* Task brief *
Output the lines below exactly, please, from the first line until the line with "Palghar Resort | Samarth Krupa Beach Resort", counting both.
Segment Start: Dataset records
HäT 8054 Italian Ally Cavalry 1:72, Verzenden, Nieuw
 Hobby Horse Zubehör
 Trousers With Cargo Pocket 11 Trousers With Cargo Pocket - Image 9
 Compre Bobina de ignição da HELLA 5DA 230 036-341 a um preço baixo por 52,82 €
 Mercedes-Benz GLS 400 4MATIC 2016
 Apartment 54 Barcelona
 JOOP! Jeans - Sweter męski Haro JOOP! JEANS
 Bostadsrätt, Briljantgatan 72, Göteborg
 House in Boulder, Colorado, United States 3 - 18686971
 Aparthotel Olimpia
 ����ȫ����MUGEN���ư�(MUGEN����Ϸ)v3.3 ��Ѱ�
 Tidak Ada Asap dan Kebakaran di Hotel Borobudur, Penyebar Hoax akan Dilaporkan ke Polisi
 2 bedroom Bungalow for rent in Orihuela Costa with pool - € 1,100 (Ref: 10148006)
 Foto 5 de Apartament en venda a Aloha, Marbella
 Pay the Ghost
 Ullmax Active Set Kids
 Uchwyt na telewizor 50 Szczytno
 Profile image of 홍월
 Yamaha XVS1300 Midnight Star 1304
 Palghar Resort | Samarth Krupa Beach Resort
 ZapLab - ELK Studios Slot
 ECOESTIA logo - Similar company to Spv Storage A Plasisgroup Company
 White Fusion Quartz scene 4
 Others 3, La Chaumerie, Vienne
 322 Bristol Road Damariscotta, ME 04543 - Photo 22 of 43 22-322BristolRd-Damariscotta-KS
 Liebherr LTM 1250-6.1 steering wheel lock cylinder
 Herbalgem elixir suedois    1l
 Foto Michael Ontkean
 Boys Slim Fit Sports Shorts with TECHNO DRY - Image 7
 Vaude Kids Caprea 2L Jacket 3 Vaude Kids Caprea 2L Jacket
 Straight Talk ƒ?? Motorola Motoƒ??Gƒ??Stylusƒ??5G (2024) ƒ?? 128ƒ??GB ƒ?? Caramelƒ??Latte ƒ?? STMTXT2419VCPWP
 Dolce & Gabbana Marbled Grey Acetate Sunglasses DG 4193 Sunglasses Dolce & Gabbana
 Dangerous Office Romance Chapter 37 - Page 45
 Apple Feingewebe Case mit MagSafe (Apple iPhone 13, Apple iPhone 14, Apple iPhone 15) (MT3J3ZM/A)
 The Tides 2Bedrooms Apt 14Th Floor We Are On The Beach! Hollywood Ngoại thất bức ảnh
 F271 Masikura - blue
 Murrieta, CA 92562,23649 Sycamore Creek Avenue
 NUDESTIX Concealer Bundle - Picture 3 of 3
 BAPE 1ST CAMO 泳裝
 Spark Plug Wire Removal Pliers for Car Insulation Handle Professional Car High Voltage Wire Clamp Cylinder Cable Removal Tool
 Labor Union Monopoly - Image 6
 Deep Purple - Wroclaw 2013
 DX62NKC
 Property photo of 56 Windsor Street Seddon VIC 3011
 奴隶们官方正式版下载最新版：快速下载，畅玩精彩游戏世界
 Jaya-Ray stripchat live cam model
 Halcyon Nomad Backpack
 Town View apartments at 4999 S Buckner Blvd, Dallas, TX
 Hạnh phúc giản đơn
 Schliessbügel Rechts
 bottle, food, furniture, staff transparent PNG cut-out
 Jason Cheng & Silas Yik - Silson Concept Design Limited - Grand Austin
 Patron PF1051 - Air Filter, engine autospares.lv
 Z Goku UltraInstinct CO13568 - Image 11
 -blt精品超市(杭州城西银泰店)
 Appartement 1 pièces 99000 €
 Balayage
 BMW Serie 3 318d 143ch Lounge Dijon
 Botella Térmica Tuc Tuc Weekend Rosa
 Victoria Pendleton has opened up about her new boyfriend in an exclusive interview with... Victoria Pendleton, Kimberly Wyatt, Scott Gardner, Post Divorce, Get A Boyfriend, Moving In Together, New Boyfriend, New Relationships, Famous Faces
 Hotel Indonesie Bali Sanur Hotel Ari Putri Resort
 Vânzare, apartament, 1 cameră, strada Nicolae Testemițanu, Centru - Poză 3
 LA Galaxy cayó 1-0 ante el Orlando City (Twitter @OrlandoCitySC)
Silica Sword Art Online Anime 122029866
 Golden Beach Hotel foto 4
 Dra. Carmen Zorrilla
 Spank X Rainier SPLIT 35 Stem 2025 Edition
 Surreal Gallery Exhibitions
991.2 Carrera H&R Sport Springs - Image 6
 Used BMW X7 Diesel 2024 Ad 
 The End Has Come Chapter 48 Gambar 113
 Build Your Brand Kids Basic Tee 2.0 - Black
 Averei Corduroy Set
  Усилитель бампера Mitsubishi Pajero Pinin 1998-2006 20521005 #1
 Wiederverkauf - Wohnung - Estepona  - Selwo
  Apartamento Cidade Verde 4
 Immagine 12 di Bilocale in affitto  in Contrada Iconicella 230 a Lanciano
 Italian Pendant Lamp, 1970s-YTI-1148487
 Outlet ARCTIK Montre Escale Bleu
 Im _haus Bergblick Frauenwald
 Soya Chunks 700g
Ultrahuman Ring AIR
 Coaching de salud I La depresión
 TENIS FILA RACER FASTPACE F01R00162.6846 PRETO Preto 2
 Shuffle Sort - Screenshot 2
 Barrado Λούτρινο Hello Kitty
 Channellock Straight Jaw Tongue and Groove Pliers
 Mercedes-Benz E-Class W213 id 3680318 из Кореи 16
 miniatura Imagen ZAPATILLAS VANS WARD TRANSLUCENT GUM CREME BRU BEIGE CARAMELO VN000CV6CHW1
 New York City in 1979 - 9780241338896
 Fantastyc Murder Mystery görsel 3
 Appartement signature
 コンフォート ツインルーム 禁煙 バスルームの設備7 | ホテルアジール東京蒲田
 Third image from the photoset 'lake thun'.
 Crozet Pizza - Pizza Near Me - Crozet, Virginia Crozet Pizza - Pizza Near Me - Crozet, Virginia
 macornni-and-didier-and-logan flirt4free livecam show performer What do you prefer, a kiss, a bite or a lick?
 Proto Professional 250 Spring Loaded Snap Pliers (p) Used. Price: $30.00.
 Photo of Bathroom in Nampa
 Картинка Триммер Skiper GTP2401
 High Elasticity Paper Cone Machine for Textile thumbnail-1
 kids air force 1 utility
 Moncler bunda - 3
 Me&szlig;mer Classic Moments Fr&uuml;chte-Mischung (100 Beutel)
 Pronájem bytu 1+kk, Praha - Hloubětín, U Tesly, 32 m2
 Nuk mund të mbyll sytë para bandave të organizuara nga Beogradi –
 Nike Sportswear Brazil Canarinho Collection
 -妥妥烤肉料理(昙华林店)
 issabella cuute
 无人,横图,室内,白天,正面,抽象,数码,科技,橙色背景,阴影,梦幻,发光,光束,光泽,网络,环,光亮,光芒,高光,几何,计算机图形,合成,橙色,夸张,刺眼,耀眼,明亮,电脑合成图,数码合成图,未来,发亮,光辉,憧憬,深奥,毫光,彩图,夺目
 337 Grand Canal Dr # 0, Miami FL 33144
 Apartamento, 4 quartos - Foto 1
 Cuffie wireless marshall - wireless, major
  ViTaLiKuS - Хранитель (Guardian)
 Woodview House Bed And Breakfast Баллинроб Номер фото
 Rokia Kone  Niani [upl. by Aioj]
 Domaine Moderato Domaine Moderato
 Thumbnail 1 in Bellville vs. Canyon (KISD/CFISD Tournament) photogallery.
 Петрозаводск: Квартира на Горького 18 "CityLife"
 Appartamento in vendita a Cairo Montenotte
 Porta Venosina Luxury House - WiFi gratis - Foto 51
Segment End: Dataset records
* Result of this task *
HäT 8054 Italian Ally Cavalry 1:72, Verzenden, Nieuw
 Hobby Horse Zubehör
 Trousers With Cargo Pocket 11 Trousers With Cargo Pocket - Image 9
 Compre Bobina de ignição da HELLA 5DA 230 036-341 a um preço baixo por 52,82 €
 Mercedes-Benz GLS 400 4MATIC 2016
 Apartment 54 Barcelona
 JOOP! Jeans - Sweter męski Haro JOOP! JEANS
 Bostadsrätt, Briljantgatan 72, Göteborg
 House in Boulder, Colorado, United States 3 - 18686971
 Aparthotel Olimpia
 ����ȫ����MUGEN���ư�(MUGEN����Ϸ)v3.3 ��Ѱ�
 Tidak Ada Asap dan Kebakaran di Hotel Borobudur, Penyebar Hoax akan Dilaporkan ke Polisi
 2 bedroom Bungalow for rent in Orihuela Costa with pool - € 1,100 (Ref: 10148006)
 Foto 5 de Apartament en venda a Aloha, Marbella
 Pay the Ghost
 Ullmax Active Set Kids
 Uchwyt na telewizor 50 Szczytno
 Profile image of 홍월
 Yamaha XVS1300 Midnight Star 1304
 Palghar Resort | Samarth Krupa Beach Resort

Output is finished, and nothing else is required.